▶ _EXERCISE_: In the records below, the line with "Used 2026 Chevrolet" opens the range and the line with "1216 Karen Road Gallery 3" closes it; print that range exactly and nothing else.
━━ SOURCE MATERIAL
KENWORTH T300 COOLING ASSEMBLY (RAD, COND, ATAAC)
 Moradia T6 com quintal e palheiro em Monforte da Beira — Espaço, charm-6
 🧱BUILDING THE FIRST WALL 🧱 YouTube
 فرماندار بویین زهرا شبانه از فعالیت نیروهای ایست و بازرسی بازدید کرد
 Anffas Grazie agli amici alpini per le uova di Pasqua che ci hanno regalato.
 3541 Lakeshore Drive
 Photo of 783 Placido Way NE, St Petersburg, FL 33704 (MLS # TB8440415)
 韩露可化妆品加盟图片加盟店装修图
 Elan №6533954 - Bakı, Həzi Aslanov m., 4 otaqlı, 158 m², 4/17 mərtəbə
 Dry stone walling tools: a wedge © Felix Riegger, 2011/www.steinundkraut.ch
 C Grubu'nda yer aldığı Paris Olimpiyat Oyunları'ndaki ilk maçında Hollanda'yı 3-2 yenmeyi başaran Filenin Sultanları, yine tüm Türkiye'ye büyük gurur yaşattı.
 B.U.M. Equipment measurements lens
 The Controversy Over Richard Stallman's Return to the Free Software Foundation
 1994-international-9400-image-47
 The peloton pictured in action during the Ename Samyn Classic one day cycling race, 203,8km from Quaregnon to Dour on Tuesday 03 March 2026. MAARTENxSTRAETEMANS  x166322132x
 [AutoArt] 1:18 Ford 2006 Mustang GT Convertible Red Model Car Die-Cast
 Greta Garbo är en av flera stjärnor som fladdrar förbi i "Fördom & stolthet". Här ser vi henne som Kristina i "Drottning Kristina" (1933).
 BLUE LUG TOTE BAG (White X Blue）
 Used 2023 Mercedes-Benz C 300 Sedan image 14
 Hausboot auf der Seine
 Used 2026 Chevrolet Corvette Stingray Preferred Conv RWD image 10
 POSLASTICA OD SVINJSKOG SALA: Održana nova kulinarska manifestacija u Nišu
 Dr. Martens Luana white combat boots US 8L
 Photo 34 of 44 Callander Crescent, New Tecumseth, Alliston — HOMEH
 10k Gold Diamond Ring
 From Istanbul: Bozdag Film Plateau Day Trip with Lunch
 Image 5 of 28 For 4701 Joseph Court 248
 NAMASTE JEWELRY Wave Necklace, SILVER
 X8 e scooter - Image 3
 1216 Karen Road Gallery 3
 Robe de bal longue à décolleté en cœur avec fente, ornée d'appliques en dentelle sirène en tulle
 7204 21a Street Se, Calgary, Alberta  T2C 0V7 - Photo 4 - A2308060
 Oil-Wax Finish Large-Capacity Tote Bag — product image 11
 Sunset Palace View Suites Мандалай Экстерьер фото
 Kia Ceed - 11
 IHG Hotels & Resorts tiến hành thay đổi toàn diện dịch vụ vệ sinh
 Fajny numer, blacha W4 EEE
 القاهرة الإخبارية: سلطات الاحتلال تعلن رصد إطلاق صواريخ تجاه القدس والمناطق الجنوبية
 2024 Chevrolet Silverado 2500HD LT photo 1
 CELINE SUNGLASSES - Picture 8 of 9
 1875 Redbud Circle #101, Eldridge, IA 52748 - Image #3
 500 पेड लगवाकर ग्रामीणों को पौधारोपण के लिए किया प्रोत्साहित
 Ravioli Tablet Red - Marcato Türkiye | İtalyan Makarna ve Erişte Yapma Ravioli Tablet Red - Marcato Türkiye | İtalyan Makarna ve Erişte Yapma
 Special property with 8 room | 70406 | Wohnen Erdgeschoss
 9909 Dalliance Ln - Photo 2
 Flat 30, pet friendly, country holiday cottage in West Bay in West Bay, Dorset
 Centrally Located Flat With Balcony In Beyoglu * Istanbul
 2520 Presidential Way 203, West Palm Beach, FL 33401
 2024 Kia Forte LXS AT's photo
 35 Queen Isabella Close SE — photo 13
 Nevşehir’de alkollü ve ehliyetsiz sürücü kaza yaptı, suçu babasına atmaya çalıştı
━━━━
▶ _OUTPUT BELOW_:
 Used 2026 Chevrolet Corvette Stingray Preferred Conv RWD image 10
 POSLASTICA OD SVINJSKOG SALA: Održana nova kulinarska manifestacija u Nišu
 Dr. Martens Luana white combat boots US 8L
 Photo 34 of 44 Callander Crescent, New Tecumseth, Alliston — HOMEH
 10k Gold Diamond Ring
 From Istanbul: Bozdag Film Plateau Day Trip with Lunch
 Image 5 of 28 For 4701 Joseph Court 248
 NAMASTE JEWELRY Wave Necklace, SILVER
 X8 e scooter - Image 3
 1216 Karen Road Gallery 3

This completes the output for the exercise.